In each container combine one tablespoon of each of the following: oil, vinegar, and your choice of food coloring.
Add enough water to make the liquid deep enough to cover an egg.
Swirl the liquid with a spoon, and quickly lower and raise an egg into it.
Pat dry with a paper towel, and repeat with a second color.
Swirl into a third color, if desired. Some white areas can be left on the egg.
Gently pat dry the completed egg, leaving a bit of the oil to give the egg a varnished look.
If you choose to decorate raw eggs, you can always make a small hole in the bottom of it and ‘blow’ the meat of the egg out and clean it and save it for an Easter tree. Just don’t forget to do some baking with the raw eggs you’ve discarded.

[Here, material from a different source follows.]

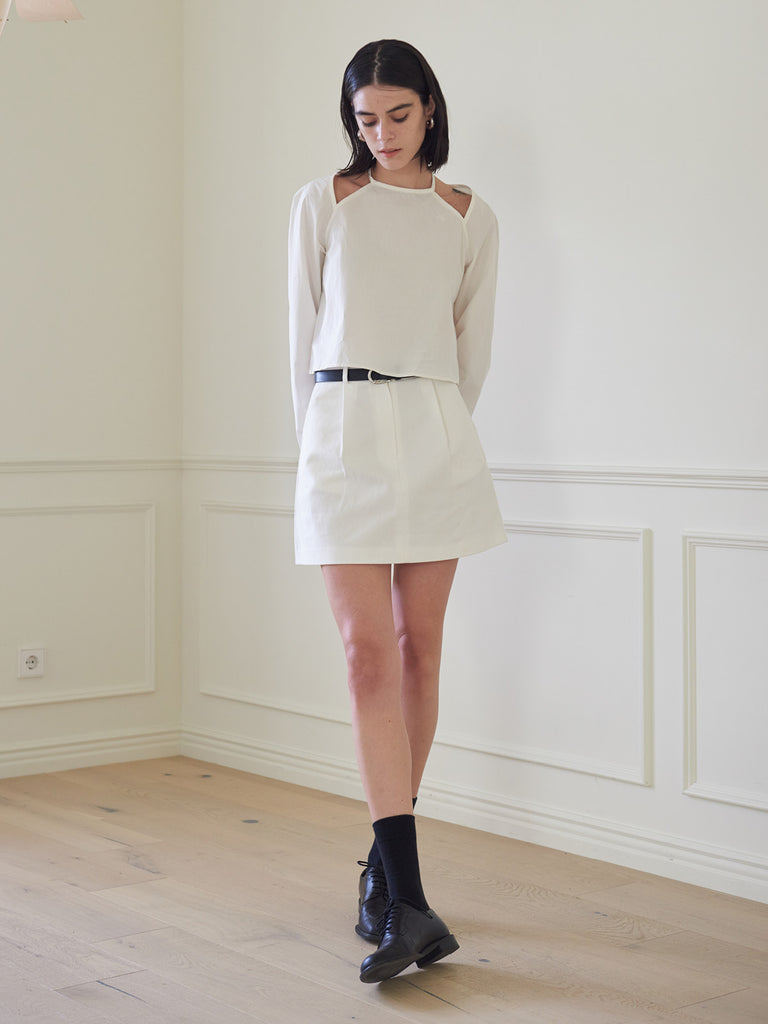 TMO BY 13MONTH（ティーエムオーバイサーティンマンス）HALTER NECK BLOUSE (WHITE)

According to the New Testament of the Bible, Christ was crucified on the eve of Passover and on the third day after His crucifixion, rose from the dead. In consequence, the Easter festival commemorated Christs resurrection.
Easter is at the end of the Lenten season, which covers a forty-six-day period that begins on Ash Wednesday and ends with Easter. The Lenten season itself is comprised of forty days, as the six Sundays in Lent are not actually a part of Lent. Sundays are considered a commemoration of Easter Sunday and have always been excluded from the Lenten fast. The Lenten season is a period of penitence in preparation for the highest festival of the church year, Easter.
Holy Week, the last week of Lent, begins with the observance of Palm Sunday. Palm Sunday takes its name from Jesus triumphal entry into Jerusalem where the crowds laid palms at his feet. Holy Thursday commemorates the Last Supper, which was held the evening before the Crucifixion. Friday in Holy Week is the anniversary of the Crucifixion, the day that Christ was crucified and died on the cross.
Holy week and the Lenten season end with Easter Sunday, the day of resurrection of Jesus Christ.